Test First allows us to mature from simply testing quality in towards building that quality in from the start -Jeff Levinson, Architect at Boeing
Fundamentally it is far cheaper to fix an issue closest to its source. The longer we leave the finding of that defect the more expensive it becomes. A bug found in production is 10 times more costly to fix than the same bug found in development.
The three virtues of Test First:
- Validation of building what was asked for
- Validation that what we have built works as we intended
- Validation that changes have not broken original intent
Ideally, we want our tests to be as close to the code as possible, but also as easily understood by the customer as possible. Ideally, all of our code is automated and we have an executable specification. It’s a balancing act…
Business Validation – We have built what was asked for
Getting validation that we are building the right thing is key to actually being able to build the right thing. This sounds like a no-brainer but what do we usually do?

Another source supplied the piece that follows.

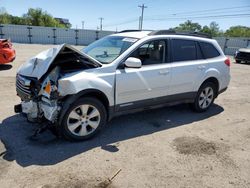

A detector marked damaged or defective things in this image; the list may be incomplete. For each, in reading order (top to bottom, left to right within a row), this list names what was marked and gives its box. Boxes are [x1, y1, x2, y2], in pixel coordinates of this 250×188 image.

dented hood [16, 44, 101, 79]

Well, we usually take our requirements, in whatever form we generally make them, and give them to our coders to turn into working software. Quite separately we give the same requirements to our testers and they create a bunch of tests to validate what we have built.
Did you notice the problem with this workflow?
The worst that can happen is that we built exactly what the customer asked for!
How can we ever build to meet the measure if we don’t build to what is to be measured? We need to flip that on its head and instead have the tests created first (the measure) and then Code to make the tests pass. Now that we have removed the inevitable time-consuming rework we can take that time and use it to create even more value for our customers.
In addition, we are far more likely to be able to meet our customers expectations now we have an additional level of focus provided by those tests.
Developer Validation – What we have built works as we intended
It’s now 2020 and gone are the cowboy days of the late nineties and early naughties. Along with using modern source control, software engineers can no longer hide behind their management as “not giving the approval to do Unit Testing”, or changing what “unit testing” means to allow them to bypass the requirement. This is about professionalism and all developers, no matter what they are working on, should be validating the work that they do.
You are not a professional if you do not do the due diligence necessary to validate what you have created works as intended and continuous to do so.
–Professional Scrum teams build software that works
There are two main value-adds here. The first is that when a coder creates functionality it does exactly what he intended and we have a record, and executable specification, of what that intent was. The second comes later. When we go to add functionality later we know when we have broken existing functionality and that is one of the most valuable parts of this endeavour.
Can you imagine how amazing it would be if you could use this executable specification to validate all future changes don’t break your application?